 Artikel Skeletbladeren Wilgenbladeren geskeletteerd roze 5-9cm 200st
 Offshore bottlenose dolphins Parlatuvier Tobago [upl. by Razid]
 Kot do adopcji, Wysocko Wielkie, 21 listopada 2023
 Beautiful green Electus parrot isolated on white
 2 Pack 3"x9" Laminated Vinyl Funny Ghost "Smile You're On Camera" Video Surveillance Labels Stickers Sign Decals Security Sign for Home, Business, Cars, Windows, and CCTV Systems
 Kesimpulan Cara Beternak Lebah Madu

^^^^^^^^

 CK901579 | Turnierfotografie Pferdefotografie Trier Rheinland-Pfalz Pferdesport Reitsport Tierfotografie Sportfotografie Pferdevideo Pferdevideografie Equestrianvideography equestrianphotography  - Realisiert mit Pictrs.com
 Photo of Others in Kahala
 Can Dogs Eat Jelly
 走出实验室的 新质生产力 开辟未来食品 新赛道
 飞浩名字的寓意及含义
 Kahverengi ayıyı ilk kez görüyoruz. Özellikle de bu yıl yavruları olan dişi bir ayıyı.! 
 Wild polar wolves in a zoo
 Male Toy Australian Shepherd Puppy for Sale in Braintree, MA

^^^^^^^^

_Task goal_
Look above for the line holding "Wild polar wolves in a zoo" and the line holding "Male Toy Australian". Retype both, and every line between them, word for word and nothing else.

_Answer section_
 Wild polar wolves in a zoo
 Male Toy Australian Shepherd Puppy for Sale in Braintree, MA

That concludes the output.